= Aim of the task =
Give back every record exactly.

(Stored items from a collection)
---

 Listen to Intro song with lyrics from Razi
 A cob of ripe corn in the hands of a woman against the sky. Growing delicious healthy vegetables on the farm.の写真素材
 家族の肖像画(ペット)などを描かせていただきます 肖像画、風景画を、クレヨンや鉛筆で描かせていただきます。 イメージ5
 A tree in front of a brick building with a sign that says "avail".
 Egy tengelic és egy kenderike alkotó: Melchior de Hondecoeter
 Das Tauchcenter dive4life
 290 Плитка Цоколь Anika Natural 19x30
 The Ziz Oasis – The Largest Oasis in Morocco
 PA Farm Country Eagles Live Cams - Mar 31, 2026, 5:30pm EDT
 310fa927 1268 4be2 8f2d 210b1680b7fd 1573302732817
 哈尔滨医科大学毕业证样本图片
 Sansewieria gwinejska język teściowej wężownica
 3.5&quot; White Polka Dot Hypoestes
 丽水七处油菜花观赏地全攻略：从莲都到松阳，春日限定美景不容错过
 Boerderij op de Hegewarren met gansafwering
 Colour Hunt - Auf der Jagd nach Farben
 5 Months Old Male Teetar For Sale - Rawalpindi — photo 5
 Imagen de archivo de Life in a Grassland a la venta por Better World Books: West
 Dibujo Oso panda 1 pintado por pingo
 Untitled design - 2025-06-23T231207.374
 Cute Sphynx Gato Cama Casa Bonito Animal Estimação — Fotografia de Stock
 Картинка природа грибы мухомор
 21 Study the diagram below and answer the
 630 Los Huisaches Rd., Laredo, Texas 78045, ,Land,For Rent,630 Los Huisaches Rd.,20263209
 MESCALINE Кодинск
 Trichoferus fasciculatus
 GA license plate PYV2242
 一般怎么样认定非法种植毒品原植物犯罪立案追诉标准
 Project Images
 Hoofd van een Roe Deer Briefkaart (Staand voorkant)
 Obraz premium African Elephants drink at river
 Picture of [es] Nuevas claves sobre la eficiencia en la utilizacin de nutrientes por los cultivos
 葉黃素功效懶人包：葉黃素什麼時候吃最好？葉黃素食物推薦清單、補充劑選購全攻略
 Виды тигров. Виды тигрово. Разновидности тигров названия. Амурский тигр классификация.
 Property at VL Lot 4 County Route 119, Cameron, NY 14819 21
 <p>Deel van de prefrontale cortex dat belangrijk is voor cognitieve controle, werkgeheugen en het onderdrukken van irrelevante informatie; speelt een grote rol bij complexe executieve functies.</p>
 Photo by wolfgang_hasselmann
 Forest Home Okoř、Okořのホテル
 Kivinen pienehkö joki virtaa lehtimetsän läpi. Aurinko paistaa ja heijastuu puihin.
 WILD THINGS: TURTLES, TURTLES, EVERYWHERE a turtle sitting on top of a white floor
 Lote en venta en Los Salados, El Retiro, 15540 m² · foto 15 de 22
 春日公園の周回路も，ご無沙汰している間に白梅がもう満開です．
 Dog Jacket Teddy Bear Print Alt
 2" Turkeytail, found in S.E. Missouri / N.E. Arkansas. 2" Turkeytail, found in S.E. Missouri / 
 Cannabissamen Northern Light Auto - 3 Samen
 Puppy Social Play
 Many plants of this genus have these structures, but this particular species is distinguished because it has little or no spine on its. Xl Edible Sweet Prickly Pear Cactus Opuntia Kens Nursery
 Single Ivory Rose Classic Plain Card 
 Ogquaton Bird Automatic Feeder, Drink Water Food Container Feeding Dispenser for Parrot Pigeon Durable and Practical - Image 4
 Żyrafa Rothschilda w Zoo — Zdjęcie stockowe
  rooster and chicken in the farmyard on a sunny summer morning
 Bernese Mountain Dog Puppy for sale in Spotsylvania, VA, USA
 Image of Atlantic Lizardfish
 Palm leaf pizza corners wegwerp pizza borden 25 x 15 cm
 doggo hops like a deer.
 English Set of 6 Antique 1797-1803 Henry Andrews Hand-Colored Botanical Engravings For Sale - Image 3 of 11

---

= Response =
 Listen to Intro song with lyrics from Razi
 A cob of ripe corn in the hands of a woman against the sky. Growing delicious healthy vegetables on the farm.の写真素材
 家族の肖像画(ペット)などを描かせていただきます 肖像画、風景画を、クレヨンや鉛筆で描かせていただきます。 イメージ5
 A tree in front of a brick building with a sign that says "avail".
 Egy tengelic és egy kenderike alkotó: Melchior de Hondecoeter
 Das Tauchcenter dive4life
 290 Плитка Цоколь Anika Natural 19x30
 The Ziz Oasis – The Largest Oasis in Morocco
 PA Farm Country Eagles Live Cams - Mar 31, 2026, 5:30pm EDT
 310fa927 1268 4be2 8f2d 210b1680b7fd 1573302732817
 哈尔滨医科大学毕业证样本图片
 Sansewieria gwinejska język teściowej wężownica
 3.5&quot; White Polka Dot Hypoestes
 丽水七处油菜花观赏地全攻略：从莲都到松阳，春日限定美景不容错过
 Boerderij op de Hegewarren met gansafwering
 Colour Hunt - Auf der Jagd nach Farben
 5 Months Old Male Teetar For Sale - Rawalpindi — photo 5
 Imagen de archivo de Life in a Grassland a la venta por Better World Books: West
 Dibujo Oso panda 1 pintado por pingo
 Untitled design - 2025-06-23T231207.374
 Cute Sphynx Gato Cama Casa Bonito Animal Estimação — Fotografia de Stock
 Картинка природа грибы мухомор
 21 Study the diagram below and answer the
 630 Los Huisaches Rd., Laredo, Texas 78045, ,Land,For Rent,630 Los Huisaches Rd.,20263209
 MESCALINE Кодинск
 Trichoferus fasciculatus
 GA license plate PYV2242
 一般怎么样认定非法种植毒品原植物犯罪立案追诉标准
 Project Images
 Hoofd van een Roe Deer Briefkaart (Staand voorkant)
 Obraz premium African Elephants drink at river
 Picture of [es] Nuevas claves sobre la eficiencia en la utilizacin de nutrientes por los cultivos
 葉黃素功效懶人包：葉黃素什麼時候吃最好？葉黃素食物推薦清單、補充劑選購全攻略
 Виды тигров. Виды тигрово. Разновидности тигров названия. Амурский тигр классификация.
 Property at VL Lot 4 County Route 119, Cameron, NY 14819 21
 <p>Deel van de prefrontale cortex dat belangrijk is voor cognitieve controle, werkgeheugen en het onderdrukken van irrelevante informatie; speelt een grote rol bij complexe executieve functies.</p>
 Photo by wolfgang_hasselmann
 Forest Home Okoř、Okořのホテル
 Kivinen pienehkö joki virtaa lehtimetsän läpi. Aurinko paistaa ja heijastuu puihin.
 WILD THINGS: TURTLES, TURTLES, EVERYWHERE a turtle sitting on top of a white floor
 Lote en venta en Los Salados, El Retiro, 15540 m² · foto 15 de 22
 春日公園の周回路も，ご無沙汰している間に白梅がもう満開です．
 Dog Jacket Teddy Bear Print Alt
 2" Turkeytail, found in S.E. Missouri / N.E. Arkansas. 2" Turkeytail, found in S.E. Missouri / 
 Cannabissamen Northern Light Auto - 3 Samen
 Puppy Social Play
 Many plants of this genus have these structures, but this particular species is distinguished because it has little or no spine on its. Xl Edible Sweet Prickly Pear Cactus Opuntia Kens Nursery
 Single Ivory Rose Classic Plain Card 
 Ogquaton Bird Automatic Feeder, Drink Water Food Container Feeding Dispenser for Parrot Pigeon Durable and Practical - Image 4
 Żyrafa Rothschilda w Zoo — Zdjęcie stockowe
  rooster and chicken in the farmyard on a sunny summer morning
 Bernese Mountain Dog Puppy for sale in Spotsylvania, VA, USA
 Image of Atlantic Lizardfish
 Palm leaf pizza corners wegwerp pizza borden 25 x 15 cm
 doggo hops like a deer.
 English Set of 6 Antique 1797-1803 Henry Andrews Hand-Colored Botanical Engravings For Sale - Image 3 of 11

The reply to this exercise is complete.